ChatGPT, or rather, GPT-3, the machine learning technology that drives ChatGPT, can do a lot of smart things.
GPT-3 can churn out text that comes across as having been written by a human, write computer code and hold conversations with humans about a wide range of topics. Its skills go beyond language, too. It can play chess skillfully and can even solve university-level math problems.
“Observations have prompted some to argue that this class of foundation models…shows some form of general intelligence,” German scientists Marcel Binz and Eric Schulz wrote in a study published in Proceedings of the National Academy of Sciences of the United States on Feb. 2.
“Yet, others have been more skeptical, pointing out that these models are still a far cry away from a human-level understanding of language and semantics. How can we genuinely evaluate whether or not these models – at least in some situations – do something intelligent?”
It seems intelligent. But is GPT-3 actually intelligent, or is it just an algorithm passively feeding on a lot of text and predicting what word comes next? Binz and Schulz, who are both researchers at Germany’s Max Planck Institute for Biological Cybernetics, conducted a series of experiments in late 2022 to try and find out.
According to their research, GPT-3 might be more than a sophisticated mimic.
Language models are a form of AI technology trained to predict the next word for a given text. They are not new. Spell check, auto correct and predictive text are all language model tools.
GPT-3 and ChatGPT are larger, more sophisticated – possibly intelligent – language models.
Encyclopedia Britannica defines human intelligence as “a mental quality that consists of the abilities to learn from experience, adapt to new situations, understand and handle abstract concepts, and use knowledge to manipulate one’s environment.”
In order to test whether GPT-3 is intelligent, Binz and Schulz took the approach of psychologists and ran it through a series of puzzles traditionally used to test humans’ decision-making, information search, deliberation, and causal reasoning abilities.
“Psychologists, after all, are experienced in trying to formally understand another notoriously impenetrable algorithm: the human mind,” they wrote.
Binz and Schulz presented GPT-3 with 12 “vignette” puzzles designed to test different elements of its cognitive abilities. The puzzles asked questions like, “A bat and a ball cost $1.10 in total. The bat costs $1.00 more than the ball. How much does the ball cost?” and “Is it more probable that Linda, who is outspoken, bright, and politically active, is a bank teller or a bank teller and a feminist?”

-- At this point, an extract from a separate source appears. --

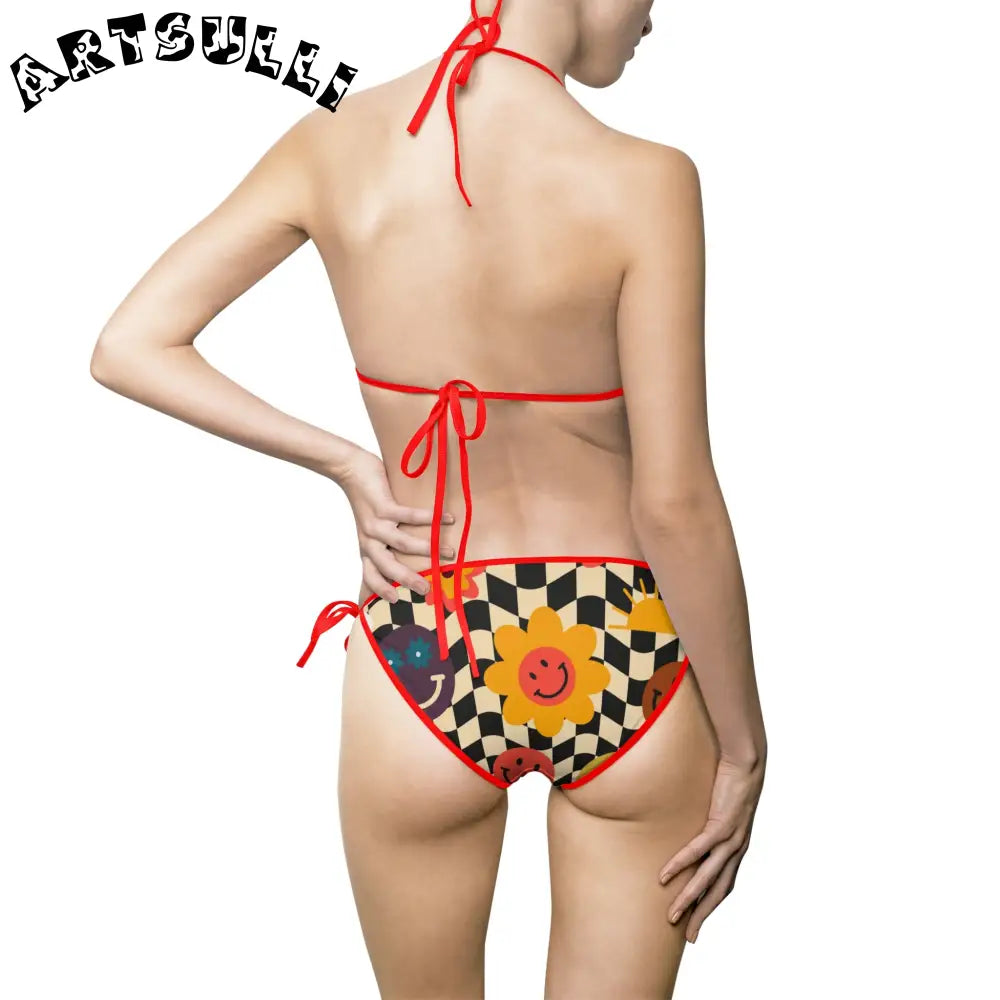 Trippy Checkerboard Smiley Bikini Swimsuit, Artsulli - Art is Long, Life is Short, All Over Prints, , , , , , ,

For what it’s worth, the answer to the “Linda problem” is that it’s more probable she’s a bank teller, since the probability of two events occurring together is always less than, or equal to, the probability of either one occurring alone.
Binz and Schulz used GPT-3’s responses to analyze its behaviour, just like how cognitive psychologists would analyze human behaviour in the same tasks. They found it answered all of the puzzles in a “human-like” manner, but only answered six correctly.
In order to account for potential flaws in the “vignette” approach – such as the probability that GPT-3 had already encountered some of the well-known puzzles in its training – Binz and Schulz presented GPT-3 with another round of puzzles. This time, instead of asking it a question with one correct answer, the puzzles tested GPT-3’s ability to solve a task using decision-making, information search, deliberation, and causal reasoning skills.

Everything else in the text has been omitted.